• **COLLECTED DATA**

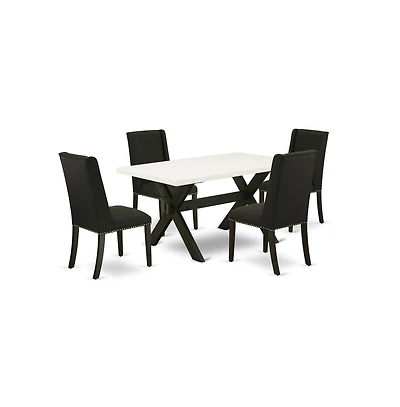East West Furniture 5-Piece Mid Century Dining Table Set Included 4 Dining Chairs Upholstered Nails Head Seat and Stylish Chair Back and Rectangular T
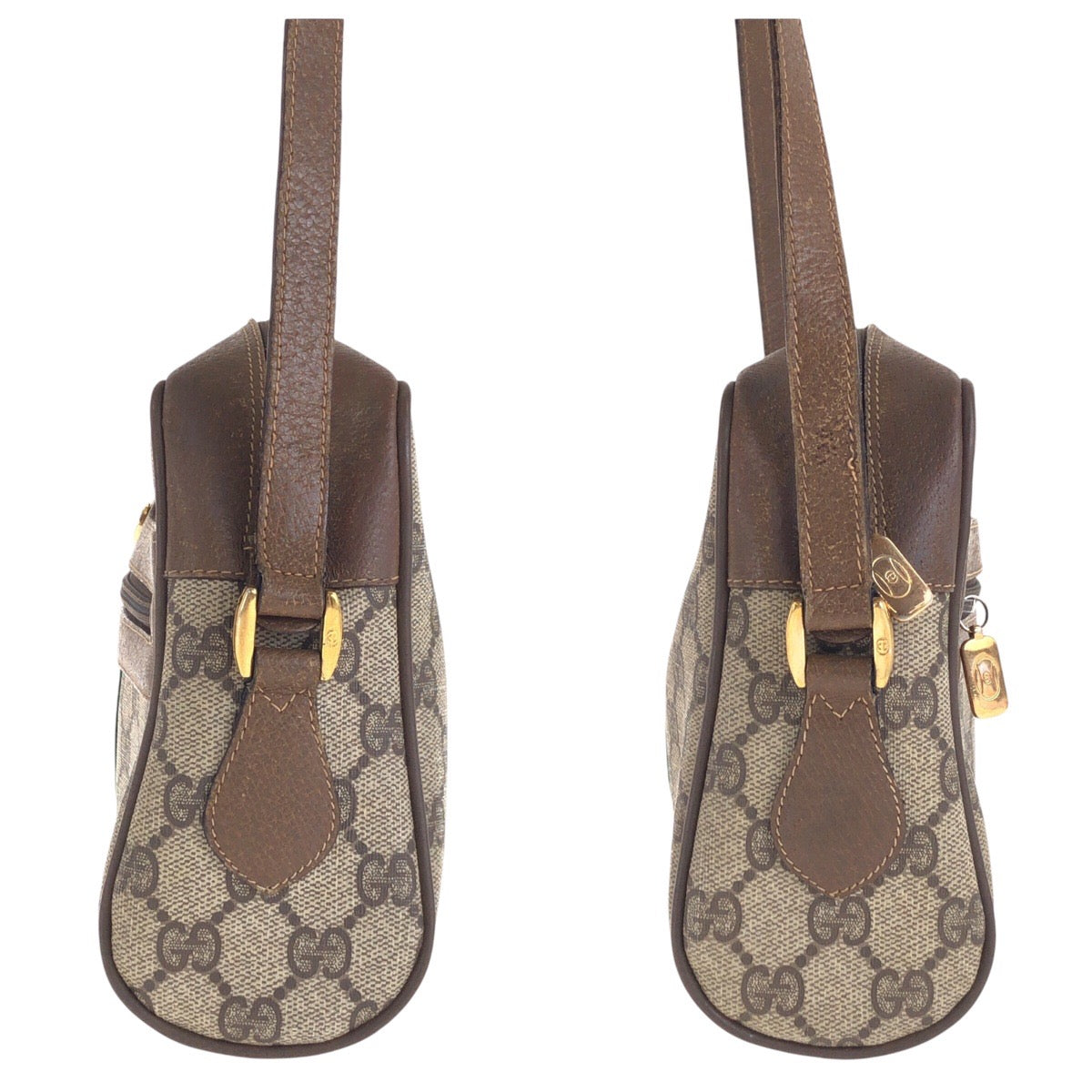 GUCCI Shoulder Bag 68 02 004 GG Supreme canvas, leather Brown Beige Gold Metal Crossbody Shoulder Bag Old Gucci Shelly Line Women Used Authentic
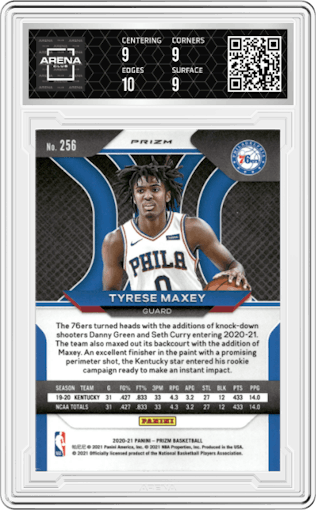 Tyrese Maxey from the 2020-21 Panini Prizm set featuring a Silver Prizm parallel graded by Arena Club and given an overall grade of 9.5.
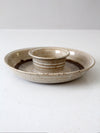 vintage studio pottery serving platter with dip bowl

• **PROBLEM TO SOLVE**
Pictures included in the data should be dropped; everything else must be repeated exactly.

• **RESPONSE AREA**
East West Furniture 5-Piece Mid Century Dining Table Set Included 4 Dining Chairs Upholstered Nails Head Seat and Stylish Chair Back and Rectangular T
 GUCCI Shoulder Bag 68 02 004 GG Supreme canvas, leather Brown Beige Gold Metal Crossbody Shoulder Bag Old Gucci Shelly Line Women Used Authentic
 Tyrese Maxey from the 2020-21 Panini Prizm set featuring a Silver Prizm parallel graded by Arena Club and given an overall grade of 9.5.
 vintage studio pottery serving platter with dip bowl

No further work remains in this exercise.